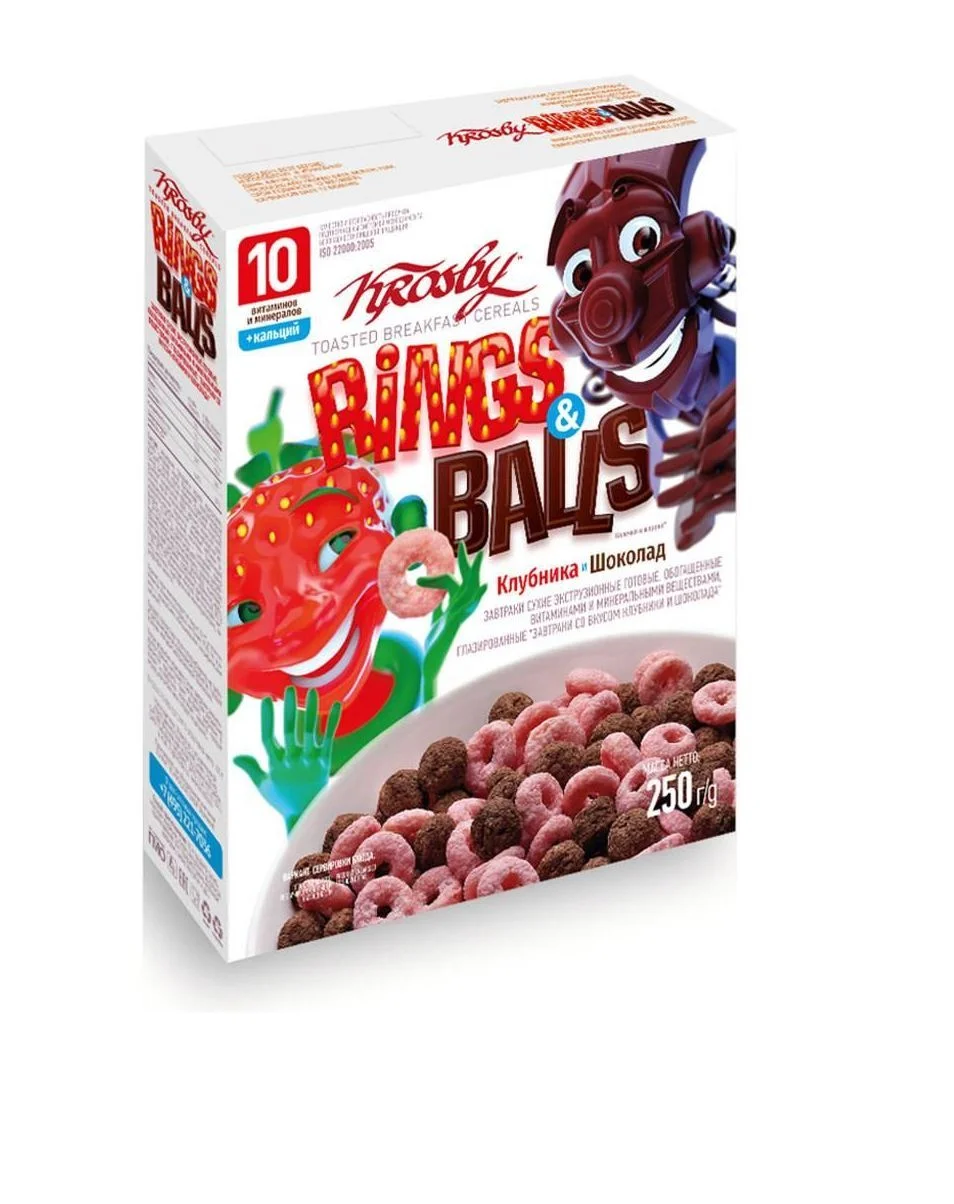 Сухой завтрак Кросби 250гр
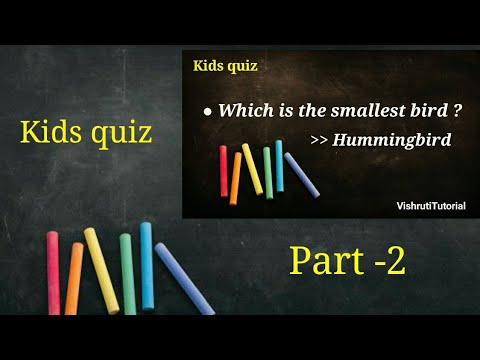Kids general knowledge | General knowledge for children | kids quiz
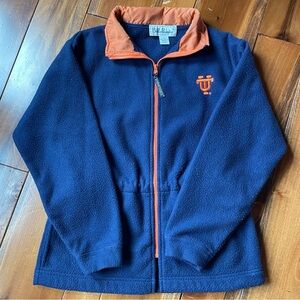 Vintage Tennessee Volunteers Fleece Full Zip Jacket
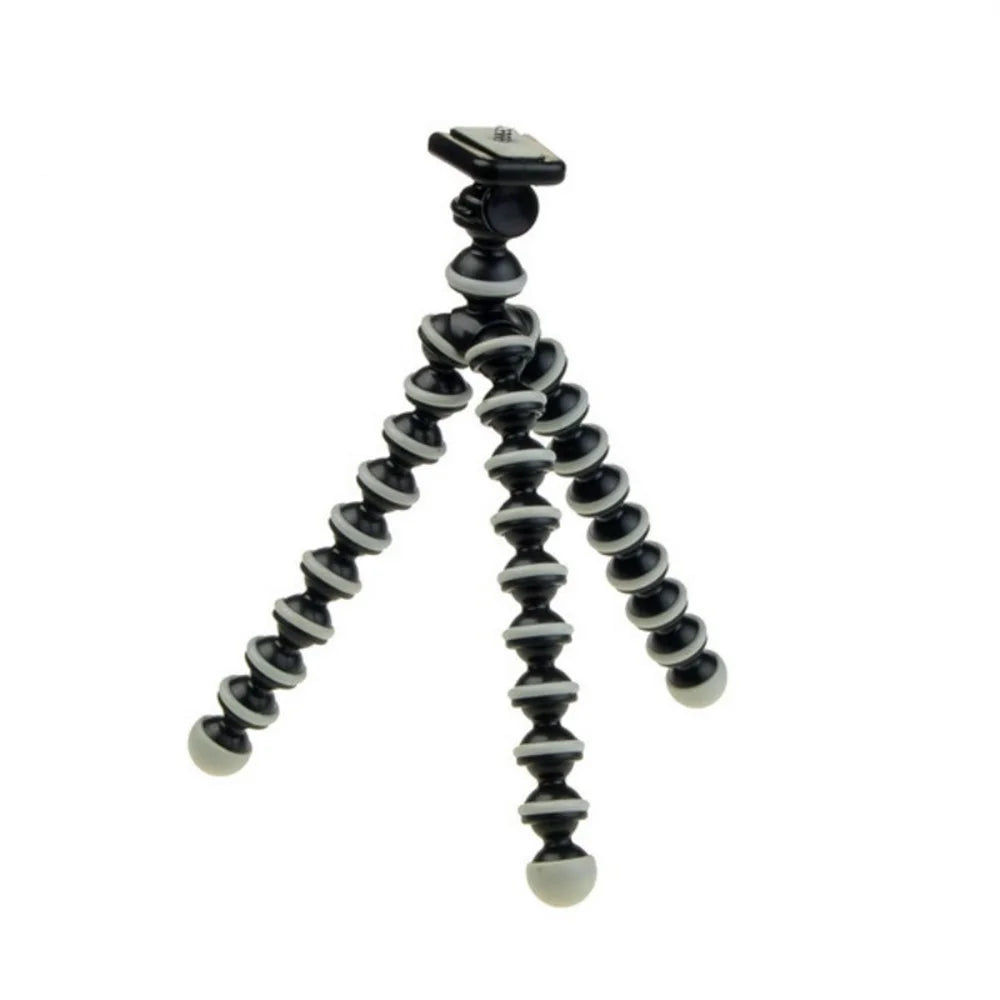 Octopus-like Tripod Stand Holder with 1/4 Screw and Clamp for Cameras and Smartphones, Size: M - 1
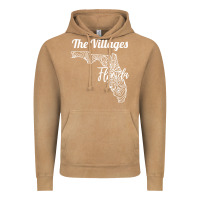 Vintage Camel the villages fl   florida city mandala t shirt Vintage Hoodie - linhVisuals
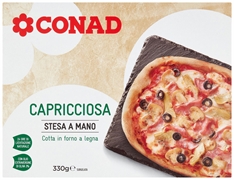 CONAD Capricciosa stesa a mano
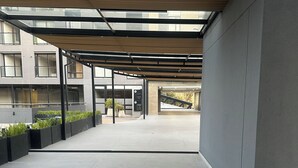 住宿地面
--
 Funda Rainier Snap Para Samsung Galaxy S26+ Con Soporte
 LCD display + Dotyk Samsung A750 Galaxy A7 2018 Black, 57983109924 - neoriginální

Your instructions – What is needed is a verbatim copy of every line in the records above from the one containing "Funda Rainier Snap" down to the one containing "LCD display +", both included, and nothing more.

Answer section –
 Funda Rainier Snap Para Samsung Galaxy S26+ Con Soporte
 LCD display + Dotyk Samsung A750 Galaxy A7 2018 Black, 57983109924 - neoriginální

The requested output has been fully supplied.